• [Dataset entries]
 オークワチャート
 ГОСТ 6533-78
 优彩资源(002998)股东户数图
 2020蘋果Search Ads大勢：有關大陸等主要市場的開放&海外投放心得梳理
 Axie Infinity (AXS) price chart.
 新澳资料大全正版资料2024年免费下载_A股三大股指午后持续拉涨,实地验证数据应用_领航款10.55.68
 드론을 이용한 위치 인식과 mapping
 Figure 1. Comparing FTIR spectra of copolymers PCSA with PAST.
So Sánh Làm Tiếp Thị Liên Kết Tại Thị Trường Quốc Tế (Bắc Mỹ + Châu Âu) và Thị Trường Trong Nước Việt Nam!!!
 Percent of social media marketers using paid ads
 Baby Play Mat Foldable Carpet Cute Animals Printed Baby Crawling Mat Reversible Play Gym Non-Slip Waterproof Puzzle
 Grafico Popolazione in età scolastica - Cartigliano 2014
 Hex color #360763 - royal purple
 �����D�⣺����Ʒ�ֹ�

• [What the task asks] Repeat everything in the listing above exactly.

• [Result below]
 オークワチャート
 ГОСТ 6533-78
 优彩资源(002998)股东户数图
 2020蘋果Search Ads大勢：有關大陸等主要市場的開放&海外投放心得梳理
 Axie Infinity (AXS) price chart.
 新澳资料大全正版资料2024年免费下载_A股三大股指午后持续拉涨,实地验证数据应用_领航款10.55.68
 드론을 이용한 위치 인식과 mapping
 Figure 1. Comparing FTIR spectra of copolymers PCSA with PAST.
So Sánh Làm Tiếp Thị Liên Kết Tại Thị Trường Quốc Tế (Bắc Mỹ + Châu Âu) và Thị Trường Trong Nước Việt Nam!!!
 Percent of social media marketers using paid ads
 Baby Play Mat Foldable Carpet Cute Animals Printed Baby Crawling Mat Reversible Play Gym Non-Slip Waterproof Puzzle
 Grafico Popolazione in età scolastica - Cartigliano 2014
 Hex color #360763 - royal purple
 �����D�⣺����Ʒ�ֹ�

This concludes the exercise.